Good points but as you can see these arguments just go round and round and round. If parents make a well informed decision on behalf of their children to either give them an implant or to deny them an implant, that is thier right to do so and the rest of both the hearing and deaf communities should just back off, shut up and leave them be.
Rick
 
What the hell are you talking about? Did you read the link that a 47 or so guy died from a result of receiving CI? This happened Jan 28th and he died 3 days later, this year!

That's old news???

The fact that some guy named X died "from a result of receiving CI" (I assume that means from meningitis after receiving a CI) might be new news, but the fact that there is a higher risk of meningitis in CI patients is old news.

Because the risks associated with CI surgery are old news, the new news of some guy named X dying from meningitis is not really new news - because the fact that it can happen is old news.

Get what I mean?
 
Then I don't understand what your trying to say?

Surgery that can change a person look? or make them thinner? or to hide their uglness? what does it have to do with assistance devices or CI? You think we deaf people thinking deaf is ugly and we have to hide it by having CI?

You said hip surgery is a surgery to fix hip joint reason damaged by disease and I still don't understand what the difference between surgery for childern that have their hearing damage from sickness disease when they were young?

I still don't get your point at all sorry.


That is your professor choice because he/her is an adult but if he/she was a child and he/she became blind by reason of disease took his/her eyesight away and this new sight implant thing become common practice like CI which can restore partial sight to where it can assist him/her around the real world without using a cane then do you think his/her parents will elect to have this surgery on him/her knowing there a risk attached to it?


.


The point is that there are alternatives that allow for complete functioning without the resort of invasive surgery. Someone who has their hip damaged by disease or injury may not be able to remain mobile without the surgery. Surgery is necessary for mobility.

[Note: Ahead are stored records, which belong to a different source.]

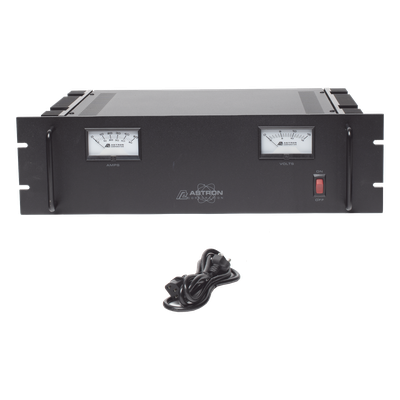 RM-50MBB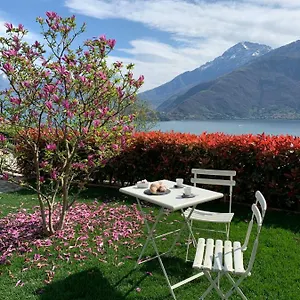 Bed & Breakfast Bregagno, Musso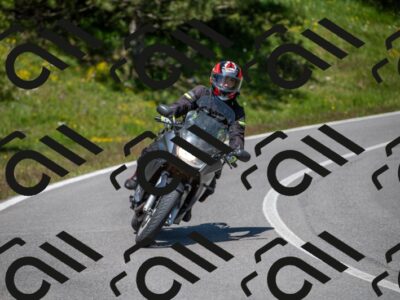 202505251143-M01_8936_m1_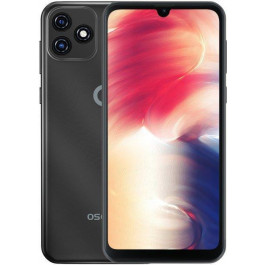   Blackview Oscal C20 Pro 2/32GB Black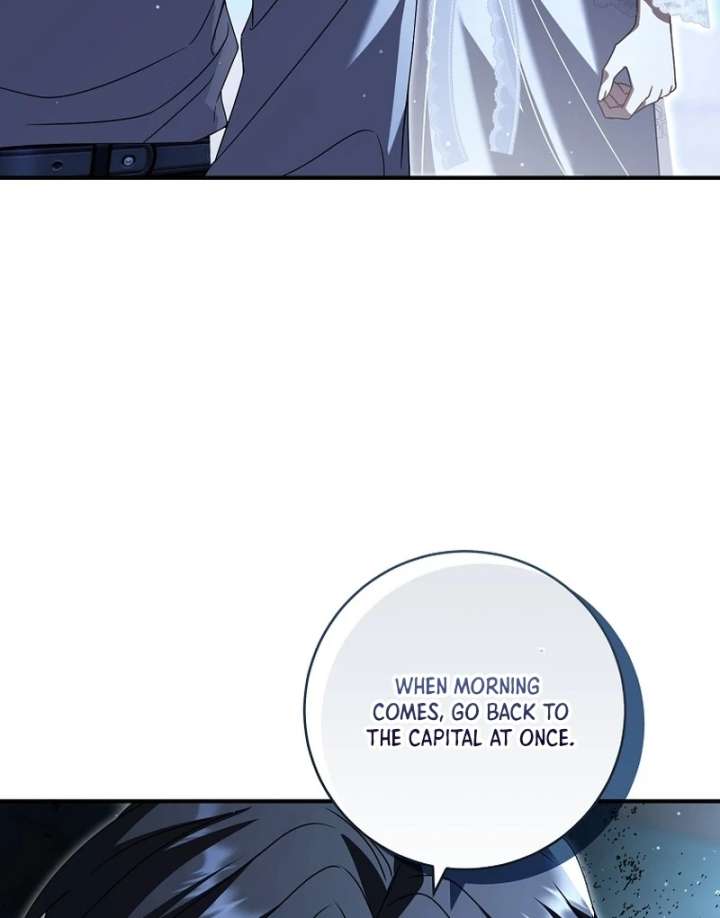 Rather Than The Son, I’ll Take The Father Chapter 44 504 041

If you think I am saying that deaf people are ugly, perhaps you should go back and reread my posts. No where have I said, or even implied that. What I did was compare one elective surgery to another elective surgery.

And yes, it is that professor's choice. That is the whole point. As a blind person, he has the right to choose how to live with his blindness. A sighted person cannot tell him the best way to do that. He is not sighted, but he in no way considers himself to be disabled by that fact. The same holds true for deafness.
 
The point is that there are alternatives that allow for complete functioning without the resort of invasive surgery. Someone who has their hip damaged by disease or injury may not be able to remain mobile without the surgery. Surgery is necessary for mobility.

If you think I am saying that deaf people are ugly, perhaps you should go back and reread my posts. No where have I said, or even implied that. What I did was compare one elective surgery to another elective surgery.

However, the alternatives for those children who are profoundly deaf and do not benefit from HAs are to either not be given any oral speech and language therapy at all or to spend their entire childhood struggling through speech and language therapy with the very real probability of not developing those skills.

Yes, we were aware of the risks and considered them in our decision. Likewise, we were aware of the probability of a child who did not benefit from either HAs or FM auditory trainers developing functional speech and oral language skills and factored that into our decision. Also, we factored into our decision the difficulty that our child would face to develop speech and oral language skills. When we weighed those factors plus others against the risks, we, as her parents, made the well informed and reasoned decision to give her the cochlear implant.

That you or others may not have come to the same decision is irrelevent as is the fact that a few, and very few indeed, deaf children similarly situated may have developed functional speech and oral language skills also irrelevent.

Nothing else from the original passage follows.